Il serait paradoxal qu’à 
  l’heure de la mondialisation, la coopération étrangère 
  se réduise et que ne se développe pas aussi une coopération 
  entre les pays d’Afrique (encore faible même s’il y a quelques 
  symptômes d’une évolution) ; le poids des médias étrangers 
  en Afrique continuera à se faire sentir longtemps, les médias 
  de proximité peuvent le compenser, mais qu’il s’agisse des 
  radios locales ou de la presse en langues africaines, une aide extérieure 
  leur est encore nécessaire au moins pour démarrer. Mais alors 
  que la coopération qui s’effectuait entre Etats du Nord et du Sud, 
  contribuait (et contribue encore parfois) à maintenir en place des dirigeants 
  compromis dans l’arbitraire et la corruption, c’est actuellement 
  vers une coopération plus proche des médias directement, entre 
  organisations non gouvernementales, collectivités locales, villes ou 
  médias du Nord et du Sud, que doit s’opérer une aide transitoire 
  et partielle, fonctionnant surtout au niveau des radios, plus difficilement 
  de la presse écrite.
  Mais l’aide extérieure ne peut être qu’un complément, 
  l’avenir des médias africains est lié à un double 
  problème de formation, formation des professionnels des médias, 
  l’éthique professionnelle et les conditions de rétribution 
  ayant au moins autant d’importance que la formation technique, et formation 
  dés l’école des jeunes générations à 
  une réception critique et non passive des médias. Même si 
  la primauté de la radio devrait continuer encore longtemps, avec les 
  progrès réels de l’alphabétisation, le nombre de 
  lecteurs potentiels de la presse s’accroît.
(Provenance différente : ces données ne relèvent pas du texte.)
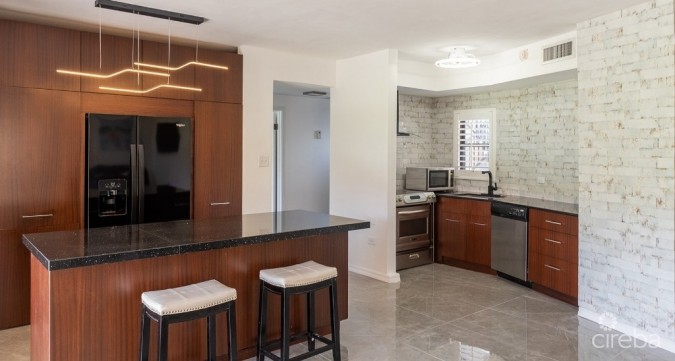 GEORGE TOWN VILLAS RENOVATED 2 BED, 2 BATH SMB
La télévision, 
  comme partout, pourvoit d’abord au divertissement, l’information 
  qu’elle diffuse reste et restera encore longtemps gouvernementale ou étrangère, 
  à quelques exceptions près. La radio et la presse, associées 
  et pluralistes, peuvent être des acteurs d’un développement 
  durable une potentialité qui peut devenir une réalité.